Albuquerque, New Mexico, served as the backdrop for a Regional Training Workshop November 8-9. As this event was being planned, New Mexico did not have a state AgrAbility project. However, they were recently awarded an AgrAbility grant.
A group of 40-plus professionals in occupational therapy, physical therapy, assistive technology, vocational rehabilitation and social work, gathered to network and learn about AgrAbility, the link between OT and AgrAbility, lighting, adaptive tools and technology, and urban and microscale farming.

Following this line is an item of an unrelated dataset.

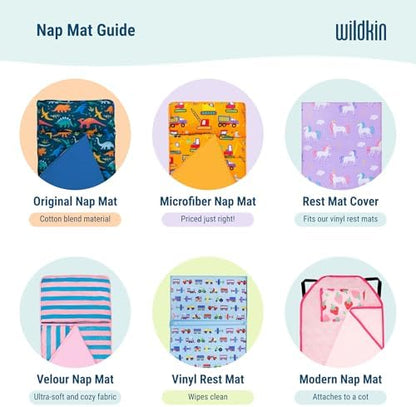 Wildkin Jurassic Dinosaurs pattern kids sleeping mat setup for daycare rest time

A day of conference sessions was followed by tours of Mandy's Farm and the Gutierrez-Hubbell House. Mandy's Farm serves individuals with intellectual and developmental disabilities, providing opportunities for gardening, animal care, therapeutic riding, and affiliated business enterprises such as marketing garden goods, alpaca wool, and manure. Mandy's Farm will be a nonprofit partner in the New Mexico AgrAbility Project. The Gutierrez-Hubble House is a joint venture between Bernalillo County Open Space and Hubbell House Alliance. Using reclaimed lands in the city, individuals apply for a training program in which they learn how to work the land and grow appropriate crops. Graduates are able to take on a plot in their second year, developing their own business enterprise. Many participants in the program are coming from incarceration, drug treatment, social services, or other programs.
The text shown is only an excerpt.